_What to do_
After counting the lines below that contain "Image", reply with that number alone.
Excerpted data: Begin
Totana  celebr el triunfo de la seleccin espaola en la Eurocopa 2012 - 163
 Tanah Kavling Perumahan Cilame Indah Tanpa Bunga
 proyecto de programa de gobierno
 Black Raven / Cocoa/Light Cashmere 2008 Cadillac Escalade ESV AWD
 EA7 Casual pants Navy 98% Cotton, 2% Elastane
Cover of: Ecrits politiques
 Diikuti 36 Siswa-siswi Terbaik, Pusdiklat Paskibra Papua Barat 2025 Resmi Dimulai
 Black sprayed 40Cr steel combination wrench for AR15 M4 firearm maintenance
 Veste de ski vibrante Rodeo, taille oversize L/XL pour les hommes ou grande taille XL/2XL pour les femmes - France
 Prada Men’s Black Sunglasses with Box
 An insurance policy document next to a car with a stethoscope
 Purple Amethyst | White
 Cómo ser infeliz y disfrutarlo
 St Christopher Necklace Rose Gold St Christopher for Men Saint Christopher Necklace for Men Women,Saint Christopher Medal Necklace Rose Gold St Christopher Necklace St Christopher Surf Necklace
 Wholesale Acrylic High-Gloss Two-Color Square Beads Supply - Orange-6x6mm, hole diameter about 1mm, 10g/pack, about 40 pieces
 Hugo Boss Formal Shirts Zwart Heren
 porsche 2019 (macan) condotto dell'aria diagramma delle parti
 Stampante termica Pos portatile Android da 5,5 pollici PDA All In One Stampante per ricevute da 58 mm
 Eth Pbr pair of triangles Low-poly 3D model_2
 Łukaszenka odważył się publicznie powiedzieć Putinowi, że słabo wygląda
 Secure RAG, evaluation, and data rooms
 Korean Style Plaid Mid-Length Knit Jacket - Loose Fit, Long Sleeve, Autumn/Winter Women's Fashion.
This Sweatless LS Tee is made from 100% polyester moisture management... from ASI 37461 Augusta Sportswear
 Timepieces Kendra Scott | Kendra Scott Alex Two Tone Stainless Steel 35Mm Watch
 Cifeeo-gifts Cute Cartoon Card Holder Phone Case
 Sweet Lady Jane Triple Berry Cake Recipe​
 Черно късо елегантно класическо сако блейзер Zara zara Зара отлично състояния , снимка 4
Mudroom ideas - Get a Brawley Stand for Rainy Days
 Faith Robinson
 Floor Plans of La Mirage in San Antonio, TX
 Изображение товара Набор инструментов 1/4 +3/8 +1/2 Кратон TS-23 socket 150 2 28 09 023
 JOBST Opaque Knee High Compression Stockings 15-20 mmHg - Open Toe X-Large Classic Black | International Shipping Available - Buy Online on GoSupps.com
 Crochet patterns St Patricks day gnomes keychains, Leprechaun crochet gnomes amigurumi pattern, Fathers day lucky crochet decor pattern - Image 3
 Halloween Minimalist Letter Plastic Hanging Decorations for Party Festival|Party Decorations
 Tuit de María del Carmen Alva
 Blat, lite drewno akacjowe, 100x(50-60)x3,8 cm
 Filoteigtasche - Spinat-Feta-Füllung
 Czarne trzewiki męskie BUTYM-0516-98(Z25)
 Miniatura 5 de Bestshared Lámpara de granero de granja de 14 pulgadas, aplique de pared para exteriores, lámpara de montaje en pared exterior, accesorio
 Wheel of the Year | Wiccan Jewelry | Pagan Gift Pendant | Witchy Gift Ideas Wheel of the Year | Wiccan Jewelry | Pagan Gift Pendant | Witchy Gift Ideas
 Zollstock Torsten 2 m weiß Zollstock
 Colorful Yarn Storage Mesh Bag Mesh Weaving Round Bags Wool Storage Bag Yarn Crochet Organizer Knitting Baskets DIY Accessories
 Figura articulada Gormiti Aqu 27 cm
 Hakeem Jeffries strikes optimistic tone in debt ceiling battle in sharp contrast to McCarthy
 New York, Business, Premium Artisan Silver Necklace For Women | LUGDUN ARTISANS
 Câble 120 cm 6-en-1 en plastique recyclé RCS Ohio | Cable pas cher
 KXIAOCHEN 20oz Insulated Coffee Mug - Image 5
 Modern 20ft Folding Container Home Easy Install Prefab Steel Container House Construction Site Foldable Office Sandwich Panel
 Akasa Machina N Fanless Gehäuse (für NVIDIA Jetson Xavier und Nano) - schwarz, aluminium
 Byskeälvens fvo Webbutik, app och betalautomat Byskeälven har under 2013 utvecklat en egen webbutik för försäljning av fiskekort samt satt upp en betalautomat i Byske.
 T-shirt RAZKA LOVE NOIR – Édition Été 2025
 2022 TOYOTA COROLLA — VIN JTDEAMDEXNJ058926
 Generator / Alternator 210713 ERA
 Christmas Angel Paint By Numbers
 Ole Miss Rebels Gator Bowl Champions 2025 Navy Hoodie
Excerpted data: End
_Output of the exercise_
2